BEGIN

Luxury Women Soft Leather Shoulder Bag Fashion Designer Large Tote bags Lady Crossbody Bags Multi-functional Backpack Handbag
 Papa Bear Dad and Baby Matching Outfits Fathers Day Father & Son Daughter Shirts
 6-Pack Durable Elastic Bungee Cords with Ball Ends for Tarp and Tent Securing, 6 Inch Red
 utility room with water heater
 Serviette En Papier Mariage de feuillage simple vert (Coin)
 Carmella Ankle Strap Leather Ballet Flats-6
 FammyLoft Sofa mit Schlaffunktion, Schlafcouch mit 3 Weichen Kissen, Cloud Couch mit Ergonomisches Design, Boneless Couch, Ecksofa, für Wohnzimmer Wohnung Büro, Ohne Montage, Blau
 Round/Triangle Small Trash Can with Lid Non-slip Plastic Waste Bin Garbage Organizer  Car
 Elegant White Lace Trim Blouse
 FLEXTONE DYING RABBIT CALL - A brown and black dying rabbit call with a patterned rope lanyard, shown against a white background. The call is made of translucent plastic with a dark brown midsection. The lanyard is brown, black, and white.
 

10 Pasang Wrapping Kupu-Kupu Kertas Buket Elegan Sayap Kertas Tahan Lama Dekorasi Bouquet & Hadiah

END

[Problem requirements]
Repeat all the material above, matching every character.

[Exercise result]
Luxury Women Soft Leather Shoulder Bag Fashion Designer Large Tote bags Lady Crossbody Bags Multi-functional Backpack Handbag
 Papa Bear Dad and Baby Matching Outfits Fathers Day Father & Son Daughter Shirts
 6-Pack Durable Elastic Bungee Cords with Ball Ends for Tarp and Tent Securing, 6 Inch Red
 utility room with water heater
 Serviette En Papier Mariage de feuillage simple vert (Coin)
 Carmella Ankle Strap Leather Ballet Flats-6
 FammyLoft Sofa mit Schlaffunktion, Schlafcouch mit 3 Weichen Kissen, Cloud Couch mit Ergonomisches Design, Boneless Couch, Ecksofa, für Wohnzimmer Wohnung Büro, Ohne Montage, Blau
 Round/Triangle Small Trash Can with Lid Non-slip Plastic Waste Bin Garbage Organizer  Car
 Elegant White Lace Trim Blouse
 FLEXTONE DYING RABBIT CALL - A brown and black dying rabbit call with a patterned rope lanyard, shown against a white background. The call is made of translucent plastic with a dark brown midsection. The lanyard is brown, black, and white.
 

10 Pasang Wrapping Kupu-Kupu Kertas Buket Elegan Sayap Kertas Tahan Lama Dekorasi Bouquet & Hadiah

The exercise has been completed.